Israel is in negotiations with biopharmaceutical company AstraZeneca to receive its novel coronavirus vaccine candidate, Globes reported and The Jerusalem Post has confirmed.
Prime Minister Benjamin Netanyahu said Friday that the country is working on striking deals with additional companies, but he did not name them.
AstraZeneca is in the midst of an FDA-approved Phase III trial of its COVID-19 AZD1222 vaccine.
In September, as part of the review process, the company voluntarily paused the trial due to a safety concern. But the next month, following FDA review, the trial was authorized to restart in the US and around the world, including in the United Kingdom, Brazil, South Africa and Japan.

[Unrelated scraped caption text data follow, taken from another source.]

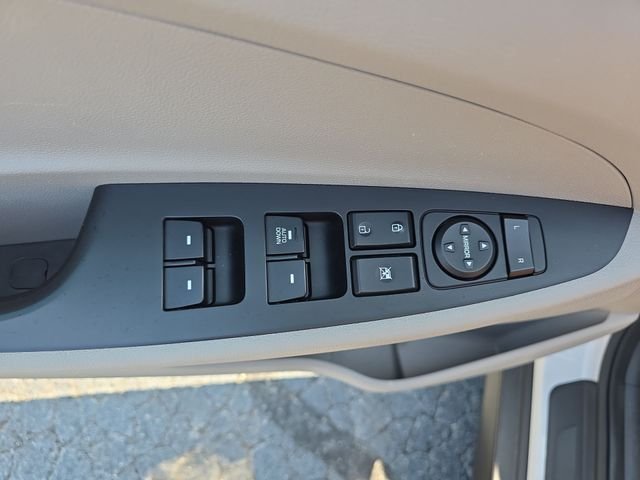 Used 2019 White Hyundai SE image 28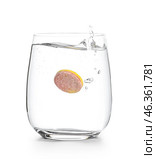 Glass of water with soluble tablet isolated on white background. Стоковое фото, фотограф Pixel_shot / Фотобанк Лори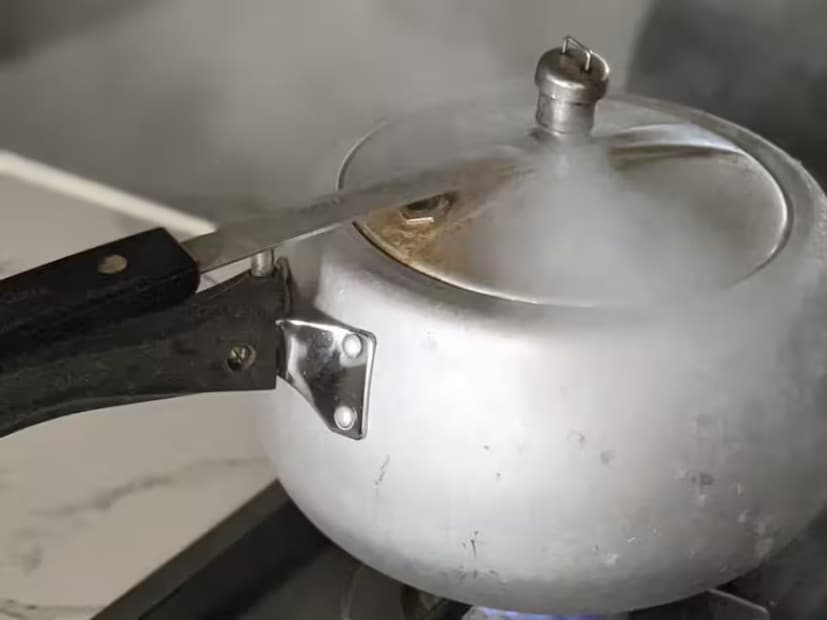 পুরোনো কুকারের ঘষা রাবার গ্যাসকেট এবং সেফটি ভালভ, বিশেষ করে টক বা অ্যাসিডিক খাবারে, সীসা নির্গত হওয়ার প্রক্রিয়াকে আরও দ্রুত করে দেয়। এর ফলে দীর্ঘমেয়াদে ক্লান্তি, স্মৃতিশক্তির দুর্বলতা, মুড সুইং এবং স্নায়ুর সমস্যা হতে পারে।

The company describes its vaccine candidate on its website as being coinvented by the University of Oxford and its spin-out company, Vaccitech.
“It uses a replication-deficient chimpanzee viral vector based on a weakened version of a common cold virus (adenovirus) that causes infections in chimpanzees and contains the genetic material of the SARS-CoV-2 virus spike protein,” the website says. “After vaccination, the surface spike protein is produced, priming the immune system to attack the SARS-CoV-2 virus if it later infects the body.”

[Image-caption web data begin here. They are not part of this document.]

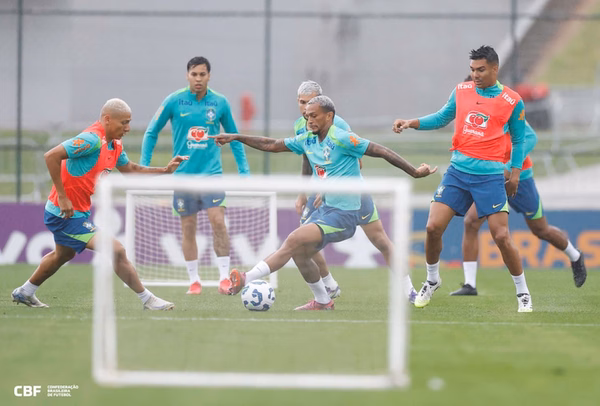 selecao-encerra-preparacao-nesta-quarta-para-enfrentar-o-chile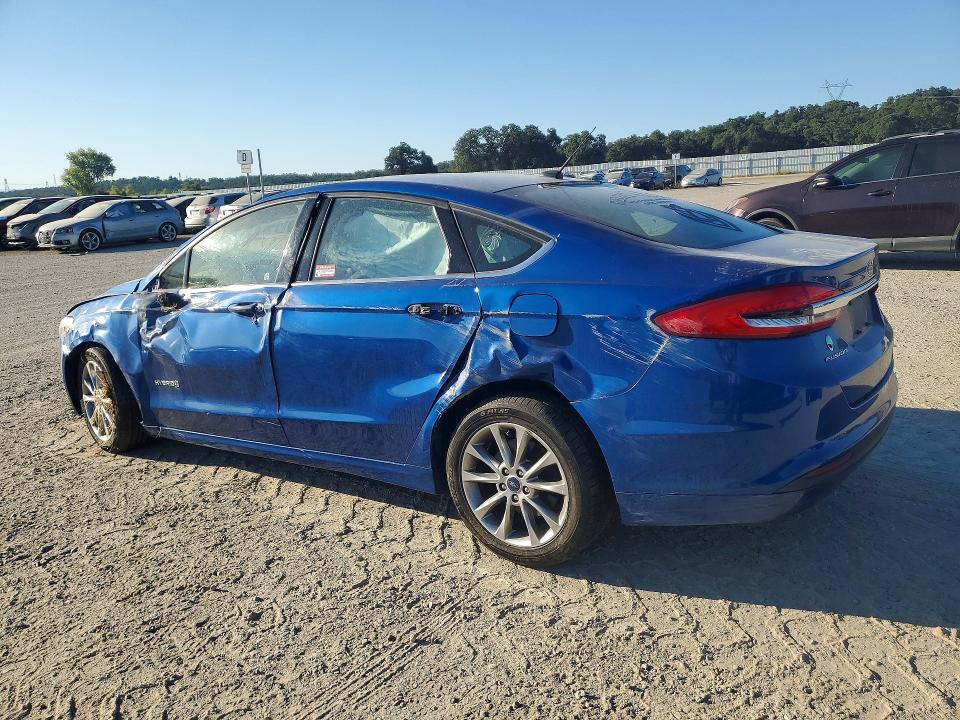 59822336 :رقم المزاد ، 3FA6P0LUXHR336809 vin ، 2017 Ford Fusion مزاد بيع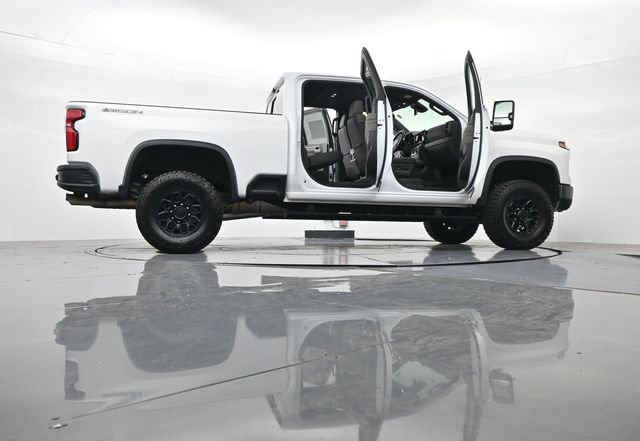 Used 2025 Chevrolet Silverado 2500 ZR2 w/ ZR2 Bison Edition AWD/4WD image 53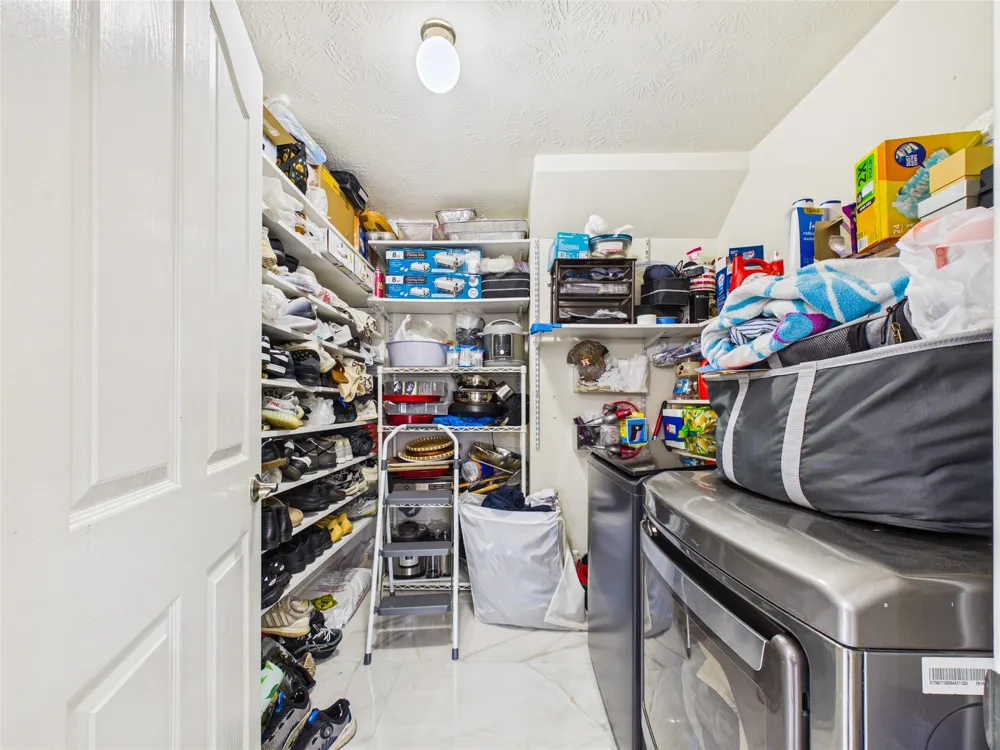 3604 Briscoe Pearland, TX 77584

Israel signed a contract on Friday to receive eight million doses – enough for four million citizens – of the Pfizer vaccine candidate, after the company announced that an interim analysis of its Phase III trial of its coronavirus vaccine showed 90% efficacy.
The country already had contracts with Moderna Inc. and Arcturus to receive several million doses of their vaccine candidates. Moderna reported on Monday that its experimental vaccine was 94.5% effective in preventing COVID-19, based on interim data from a late-stage clinical trial.
Netanyahu explained the country’s method for procuring coronavirus vaccines last week. “The principle is simple: Buy as many options as possible from as many companies as possible,” he said.
“The cost of buying vaccines is negligible, compared to the cost of not bringing them. The cost of throwing money in the trash, if the vaccines are unsuccessful, is minimal compared to not having vaccines.”